8. Don't Quit the Job.

Harassment is against the law. One does not have to endure a sexually hostile work environment; the employer
is legally required to make it stop. Don’t just quit to get away from the offensive environment. Quitting might
enable the employer to argue that you didn’t give it time to fix the problem; quitting could adversely affect
one’s ability to recover for lost income; and quitting might make it harder to collect unemployment benefits.

9. Retaliation is Illegal - and sometimes easier to Prove than the Actual Harassment.

Even if one can’t prove that unlawful harassment occurred, one might have a strong retaliation claim if he/ she
makes a reasonably good faith complaint of harassment and the employer then takes any “adverse action”
against he/ she or any action that would dissuade him/ her from filing a discrimination or harassment claim.

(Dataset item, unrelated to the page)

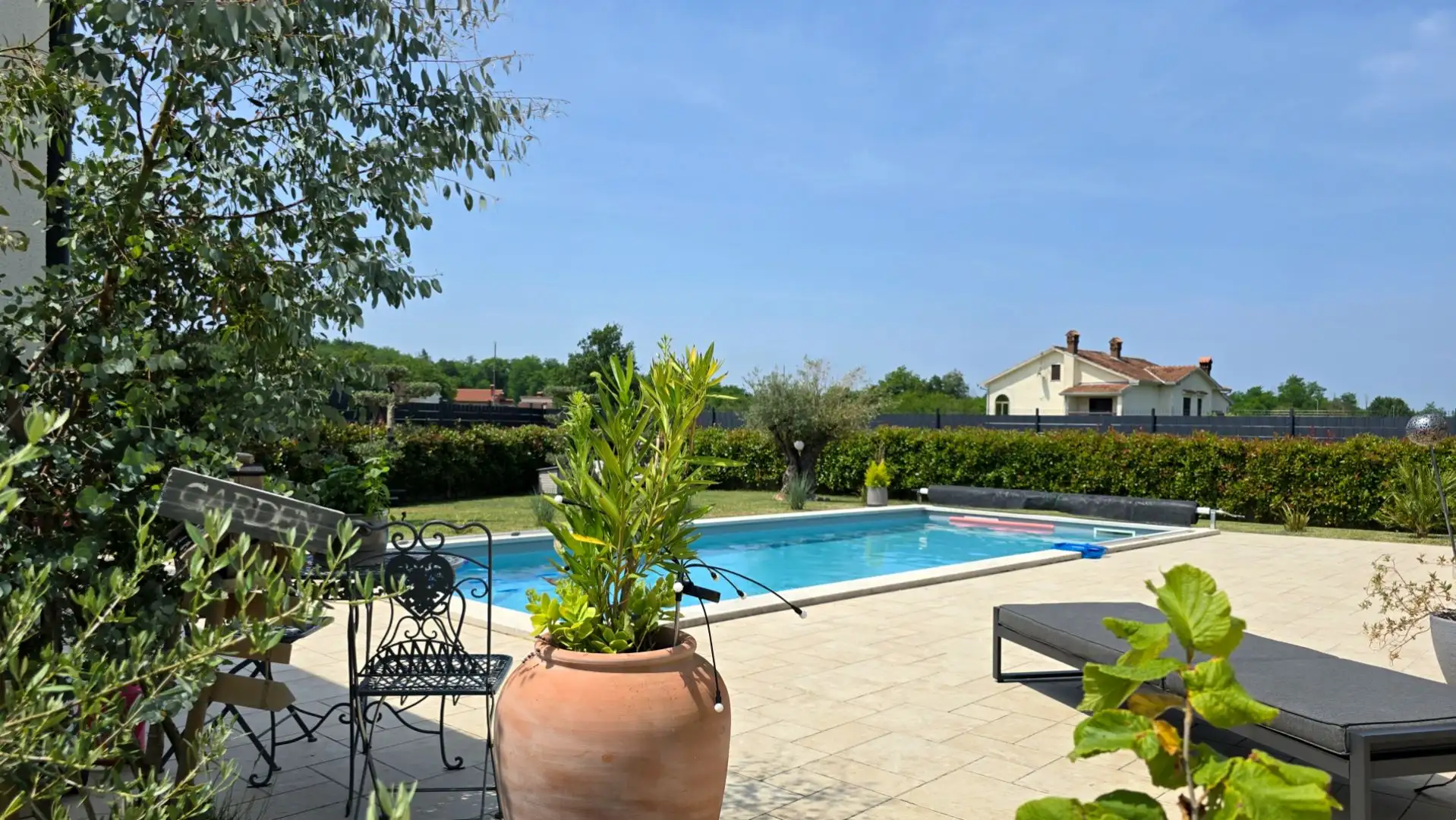 Villa 280m² in Croatia, Motovun. Priced at 850000€ rent photo-17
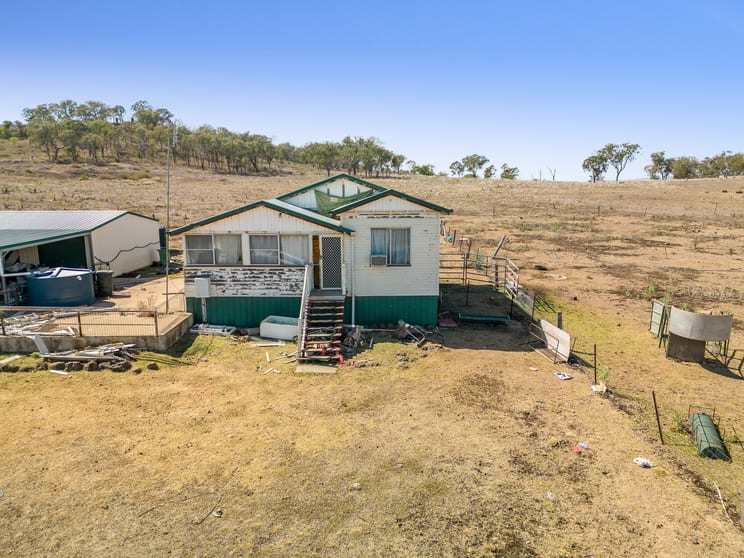 Click to view all images "Rocky Hills" 405 McNallys Road Cambooya QLD 4358 - Image 3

10. Keep Doing the Job Well.

One might have a valid harassment claim, but don’t use that as an excuse to stop doing the job well. Making a
complaint about harassment doesn’t give one a permission to stop doing the job to the best of the ability or
excuse one from the same standards they had to meet before the conduct started.

11. Get Legal Advice from Someone Who Knows About Sexual Harassment Law.

If you think you're being harassed, talk to a lawyer who's experienced in harassment cases. This is especially
important if you're considering quitting the job. Meeting with a lawyer does not mean that one is going to sue
the current or former employer. An employment lawyer can advise about what the law considers to be unlawful
harassment; counsel about how to handle the situation (i.e., making a proper complaint, trying to preserve your
job, gathering proof of the harassment, or dealing with the stress).